Singles from Never Loved Elvis
- "The Size of a Cow" Released: 1991; "Caught in My Shadow" Released: 1991; "Sleep Alone" Released: 1991; "Welcome to the Cheap Seats" Released: 1992;

= Never Loved Elvis =

Never Loved Elvis is the third album by the Wonder Stuff released in 1991. Guest musicians on the album include Kirsty MacColl and Linda McRae.

The song "Mission Drive" was inspired by Wonder Stuff singer Miles Hunt's fall out with best friend and former flatmate Clint Mansell of Pop Will Eat Itself.

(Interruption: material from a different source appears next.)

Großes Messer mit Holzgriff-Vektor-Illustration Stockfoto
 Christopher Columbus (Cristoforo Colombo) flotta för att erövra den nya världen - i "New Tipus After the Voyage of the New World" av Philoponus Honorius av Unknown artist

The most successful single from the album, "The Size of a Cow", reached No. 5 on the UK singles chart. The album peaked at No. 3 on the albums chart.

Professional ratings
Review scores
| Source | Rating |
| AllMusic | Star Half star |
| Drowned in Sound | 10/10 |

==Track listing==
All tracks composed by The Wonder Stuff; except where indicated

Never Loved Elvis track listing
| No. | Title | Length |
|---|---|---|
| 1. | "Mission Drive" | 4:11 |
| 2. | "Play" | 2:47 |
| 3. | "False Start" | 0:47 |
| 4. | "Welcome to the Cheap Seats" | 2:54 |
| 5. | "The Size of a Cow" | 3:13 |
| 6. | "Sleep Alone" | 3:50 |
| 7. | "Donation" | 3:43 |
| 8. | "Inertia" | 4:07 |
| 9. | "Maybe" | 4:13 |
| 10. | "Grotesque" | 1:58 |
| 11. | "Here Comes Everyone" | 3:55 |
| 12. | "Caught in My Shadow" | 3:48 |
| 13. | "38 Line Poem" | 5:24 |
| Total length: |  | 44:50 |

2000 reissue bonus tracks
| No. | Title | Writer(s) | Length |
|---|---|---|---|
| 14. | "The Takin' Is Easy" | Rob Jones | 2:36 |
| 15. | "Will the Circle Be Unbroken" (featuring Spirit of the West) | A.P. Carter | 4:00 |
| 16. | "That's Entertainment" | Paul Weller | 3:23 |
| 17. | "Me, My Mum, My Dad, My Brother" |  | 2:39 |

==Personnel==
- Miles Hunt – vocals, guitar, harmonica, percussion
- Malcolm Treece – guitar, vocals
- Paul Clifford – bass
- Martin Gilks – drums, percussion
- Martin Bell – fiddle, banjo, guitar, accordion, piano
- Kirsty MacColl – backing vocals on "Welcome to the Cheap Seats"
- Linda McRae – accordion on "Welcome to the Cheap Seats"
- James Taylor – Hammond organ
- Judith Fleet – cello
- Elly Newton, Alison Gabriel – violin

==Charts==

Chart performance for Never Loved Elvis
| Chart (1991) | Peak position |
|---|---|
| Australian Albums (ARIA) | 94 |
| UK Albums (Official Charts) | 3 |

== Certifications ==

| Region | Certification | Certified units/sales |
| United Kingdom (BPI) | Gold | 100,000^{^} |
^{^} Shipments figures based on certification alone.